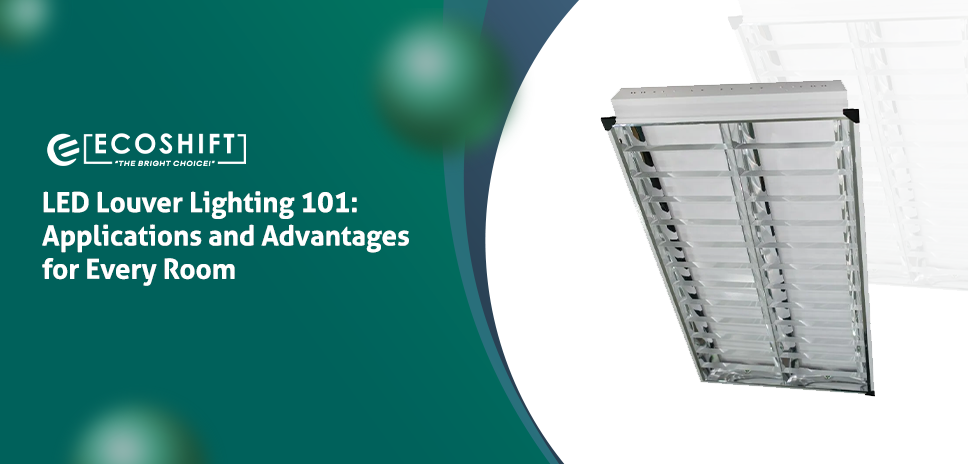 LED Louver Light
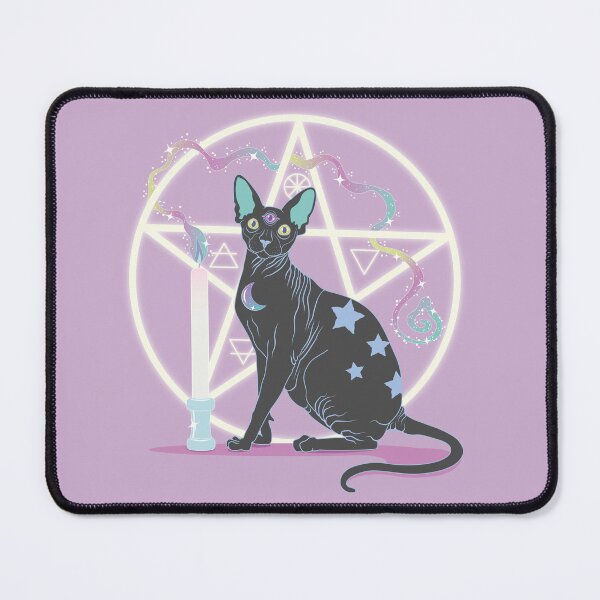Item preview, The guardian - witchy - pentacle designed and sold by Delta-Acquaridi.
.....
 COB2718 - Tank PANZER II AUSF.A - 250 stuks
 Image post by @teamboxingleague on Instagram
.....
Leaving out each picture, repeat exactly the lines above from the one that contains "LED Louver Light" through the one that contains "Item preview, The".

__Result__
 LED Louver Light
Item preview, The guardian - witchy - pentacle designed and sold by Delta-Acquaridi.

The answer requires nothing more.